Task goal =>
Print the whole listing exactly as it appears, but skip the pictures.

━━━━━ Recorded data ━━━━━

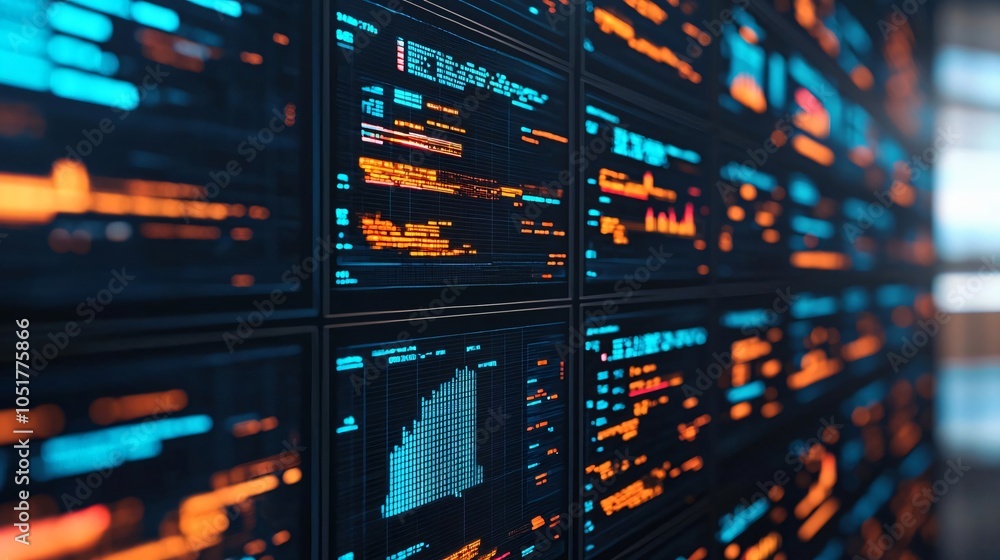 Poster close-up of digital data screens displaying graphs and statistics in vibrant colors, ideal for techn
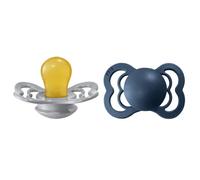 BIBS Supreme Soother 2-Pack, BPA Free Dummy Pacifier, Symmetrical Nipple. Natural Rubber Latex, Size 1 (0-6 Months), Cloud/Steel Blue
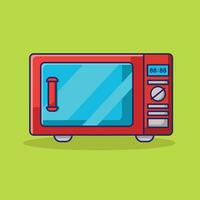 Microwave Oven Vector Icon Illustration. Microwave Oven Icon Concept. Flat Cartoon Style Suitable for Web Landing Page, Banner, Flyer, Sticker, Card, Background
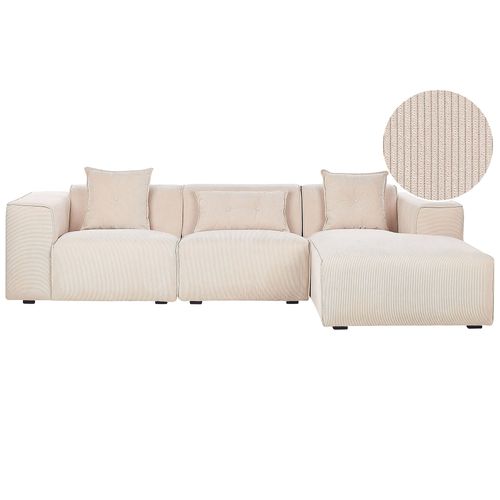 Canapé Angle À Gauche En Velours Côtelé Beige 3 Places Dolva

━━━━━

Your solution =>
 Poster close-up of digital data screens displaying graphs and statistics in vibrant colors, ideal for techn
 BIBS Supreme Soother 2-Pack, BPA Free Dummy Pacifier, Symmetrical Nipple. Natural Rubber Latex, Size 1 (0-6 Months), Cloud/Steel Blue
 Microwave Oven Vector Icon Illustration. Microwave Oven Icon Concept. Flat Cartoon Style Suitable for Web Landing Page, Banner, Flyer, Sticker, Card, Background
 Canapé Angle À Gauche En Velours Côtelé Beige 3 Places Dolva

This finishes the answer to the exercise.